Senate Unanimously Passes Resolution Recognizing Armenian Genocide

Senate Unanimously Passes Resolution Recognizing Armenian Genocide
Sen. Bob Menendez (D-N.J.) speaks during a hearing in Washington on July 25, 2018. (Samira Bouaou/The Epoch Times)
Zachary Stieber
12/13/2019
Updated:
12/13/2019

The Senate unanimously passed a resolution on Thursday making it official American foreign policy to recognize the genocide of more than one million Armenians in Turkey.

The genocide took place from 1915 to 1923.

Sen. Bob Menendez (D-N.J.), ranking member of the Senate Foreign Relations Committee and sponsor of the bill, attempted to get it passed three times in recent weeks and was successful on the fourth try.

“By passing my Armenian Genocide resolution, the Senate finally stood up to confirm history: What happened from 1915 to 1923 was—most assuredly—genocide. There is no other word for it. There is no euphemism. There is no avoiding it,” Menendez said in a statement.

“To overlook human suffering is not who we are as a people. It is not what we stand for as a nation. We are better than that, and our foreign policy should always reflect this. I am beyond honored and humbled to be part of this important moment of our history.”

Menendez thanked Sen. Ted Cruz (R-Texas), who helped get the resolution passed, while speaking on the House floor.

Cruz called the passage “an achievement for truth, an achievement for speaking the truth to darkness, for speaking the truth to evil.”

Turkey in 1915. Armenians were marched long distances and said to have been massacred. (AP Photo)
Turkey in 1915. Armenians were marched long distances and said to have been massacred. (AP Photo)

“The Menendez-Cruz resolution affirms U.S. recognition of the Armenian genocide,” he added. “It’s been far too long in coming.”

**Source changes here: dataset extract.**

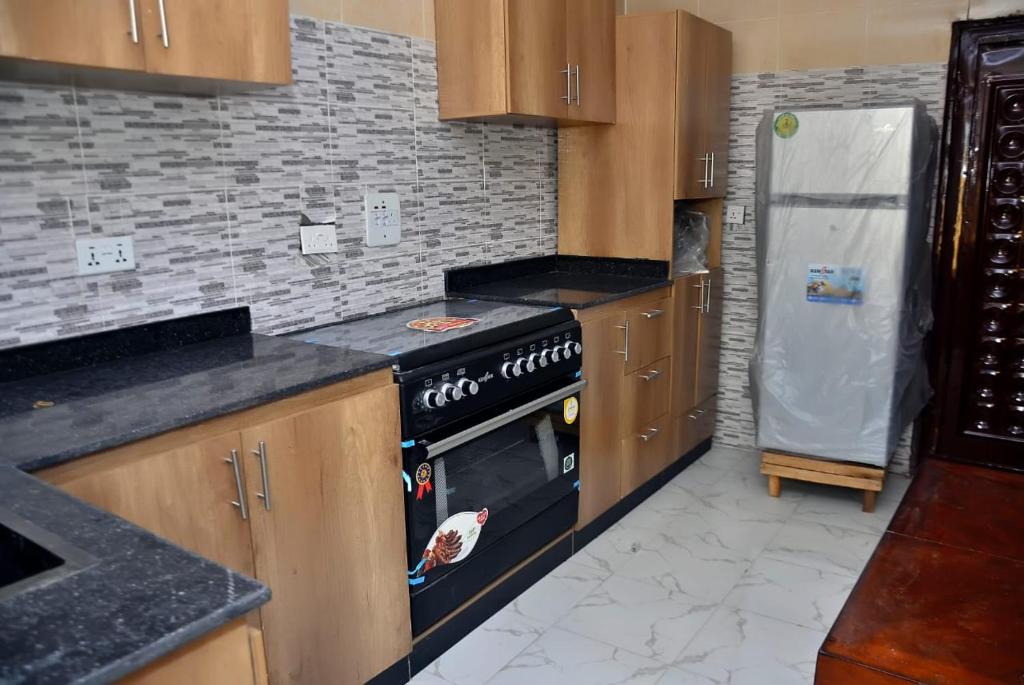Frankie’s Place: A spacious 4-bedroom home photo 1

Armenian Prime Minister Nikol Pashinyan praised the resolution, calling it “a victory of justice and truth.”

Three different Republican Senators blocked the three previous attempts to get the resolution passed.

Senate Judiciary Chairman Lindsey Graham (R-S.C.) blocked one attempt last month after meeting with Turkish President Recep Tayyip Erdogan alongside President Donald Trump. Graham said he didn’t want to “sugarcoat history or rewrite it.” He later said he blocked the resolution because Erdogan “was still in town” and he was “trying to salvage the relationship, if possible.”
Turkey's President Recep Tayyip Erdogan, center, takes part in a meeting in the Oval Office with President Donald Trump as Sen. Lindsey Graham (R-S.C.) looks on at the White House in Washington on Nov. 13, 2019. (Mandel Ngan/AFP via Getty Images)
Turkey's President Recep Tayyip Erdogan, center, takes part in a meeting in the Oval Office with President Donald Trump as Sen. Lindsey Graham (R-S.C.) looks on at the White House in Washington on Nov. 13, 2019. (Mandel Ngan/AFP via Getty Images)
H. Res. 296, the resolution, was passed by the House 405-11 in late October.

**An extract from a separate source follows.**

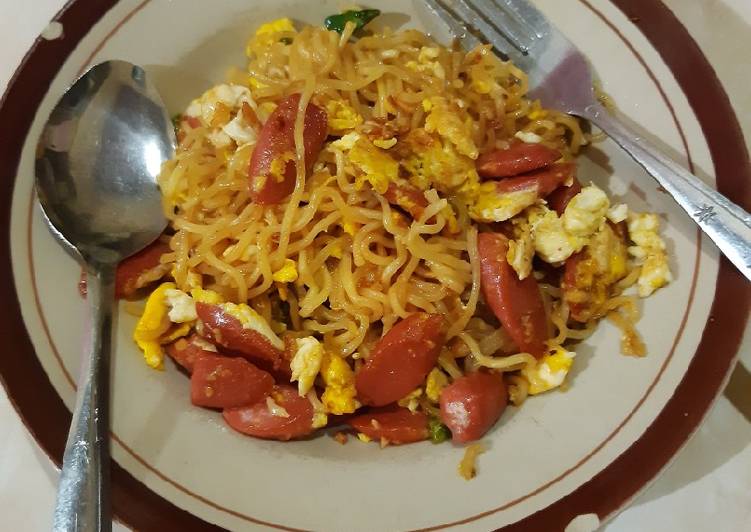 Indomie goreng sosis telor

The resolution states that Henry Morgenthau, United States Ambassador to the Ottoman Empire from 1913 to 1916, described the Ottoman Empire’s killings of Armenians as a “campaign of race extermination” and that Raphael Lemkin, who coined the term “genocide” in 1944, invoked the Armenian case as a definitive example of genocide.

The resolution says that it is U.S. policy to “commemorate the Armenian Genocide through official recognition and remembrance” and “reject efforts to enlist, engage, or otherwise associate the United States Government with denial of the Armenian Genocide or any other genocide.”

“Whereas, as displayed in the United States Holocaust Memorial Museum, Adolf Hitler, on ordering his military commanders to attack Poland without provocation in 1939, dismissed objections by saying ‘[w]ho, after all, speaks today of the annihilation of the Armenians?’, setting the stage for the Holocaust,” the resolution added.

Turkey said on Friday that it summoned the U.S. ambassador to Ankara after the Senate passed the resolution. It did the same when the House passed the resolution.